The Philadelphia Police Department’s enforcement against large groups of motorists has ramped up in recent years, but hasn’t discouraged motorists from hitting the streets.
About 500 people illegally riding dirtbikes, ATVs, and motorcycles zipped around North Philly Sunday evening before crossing into Montgomery County, according to 6ABC.
Off-road vehicles — like ATVs, dirtbikes, and dune buggies — are banned from city streets, allowed only when registered and on designated off-road trails.
The issue of off-road vehicles navigating without regard for the rules of the road has prompted protests from residents, even as it’s become an undoubted aspect of the city’s culture — one that hasn’t found a sanctioned home.
Despite the persistence of off-road groups, which tend to gather in North Philly before heading around the city, enforcement of these incidents has changed in recent years — even if a total crackdown, as some have suggested, isn’t in the offing.

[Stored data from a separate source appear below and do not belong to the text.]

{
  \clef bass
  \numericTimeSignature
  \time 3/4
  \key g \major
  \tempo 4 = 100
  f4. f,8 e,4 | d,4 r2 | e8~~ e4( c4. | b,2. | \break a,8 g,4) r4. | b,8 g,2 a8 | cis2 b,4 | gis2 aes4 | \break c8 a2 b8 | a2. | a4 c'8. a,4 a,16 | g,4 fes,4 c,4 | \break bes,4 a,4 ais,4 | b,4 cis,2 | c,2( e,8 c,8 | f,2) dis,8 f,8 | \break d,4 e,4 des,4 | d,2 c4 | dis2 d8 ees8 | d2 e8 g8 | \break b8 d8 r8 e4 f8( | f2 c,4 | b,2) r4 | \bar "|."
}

Police have confiscated 1,132 off-road vehicles and destroyed 977 since 2020, according to Deputy Commissioner of Special Operations Joel Dales, speaking at a state House hearing in April.

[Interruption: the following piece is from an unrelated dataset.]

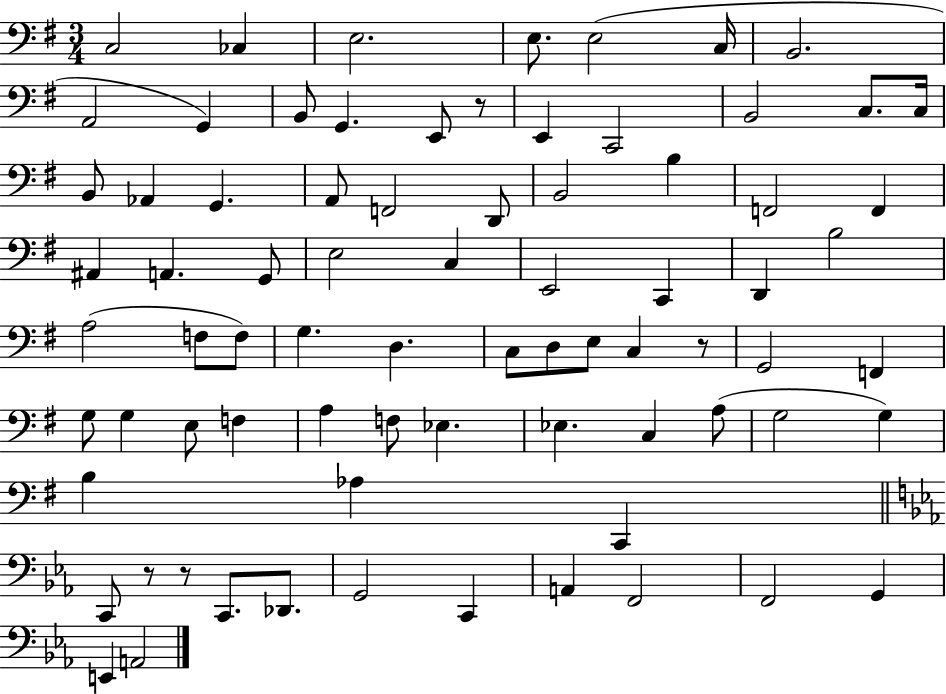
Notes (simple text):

C3/h CES3/q E3/h. E3/e. E3/h C3/s B2/h. A2/h G2/q B2/e G2/q. E2/e R/e E2/q C2/h B2/h C3/e. C3/s B2/e Ab2/q G2/q. A2/e F2/h D2/e B2/h B3/q F2/h F2/q A#2/q A2/q. G2/e E3/h C3/q E2/h C2/q D2/q B3/h A3/h F3/e F3/e G3/q. D3/q. C3/e D3/e E3/e C3/q R/e G2/h F2/q G3/e G3/q E3/e F3/q A3/q F3/e Eb3/q. Eb3/q. C3/q A3/e G3/h G3/q B3/q Ab3/q C2/q C2/e R/e R/e C2/e. Db2/e. G2/h C2/q A2/q F2/h F2/h G2/q E2/q A2/h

In 2021, the city’s traffic code was amended to explicitly ban these vehicles in most settings and add new penalties for bikers. That was the same year the police department issued a new directive on enforcement.
At the behest of members of City Council, the department now has a detail assigned to addressing these gatherings, primarily through tracking them via helicopter and moving to confiscate vehicles once groups stop to regather and refuel.
That’s the primary means of enforcement because Philly police have a policy not to chase people taking these group rides — standard practice for most local police departments in the country — as pursuing motorists could create a more dangerous situation on the streets.
Most recently, former Governor Tom Wolf signed a bill which designates the vehicles as “prima facie contraband subject to forfeiture” in 2022.
The standard penalty for riding an off-road vehicle in the wrong place is confiscation and a $2,000 fine. The owner of a registered vehicle can pay the fine to get it back, while unregistered riders can forfeit the vehicle to avoid paying the fine.
Once forfeited, the vehicle is disposed of as the police department sees fit, usually through destruction.
If someone believes their vehicle has been wrongly confiscated, they can demand a hearing with a Parking Hearing Examiner, the same process open to people who believe their car was wrongly impounded.
Earlier this year, WHYY hosted a community forum in West Philly that brought out those who ride off-road vehicles and those who don’t.
There, motorists raised a question that has been asked since former Mayor Michael Nutter banned the vehicles in 2012: How can we find (or build) a recreational space to ride that won’t cause such an uproar?
Councilmembers Curtis Jones, Kenyatta Johnson, and Mark Squilla have expressed some reserved interest in the idea, but Council hasn’t moved on the issue since the 2021 policy change.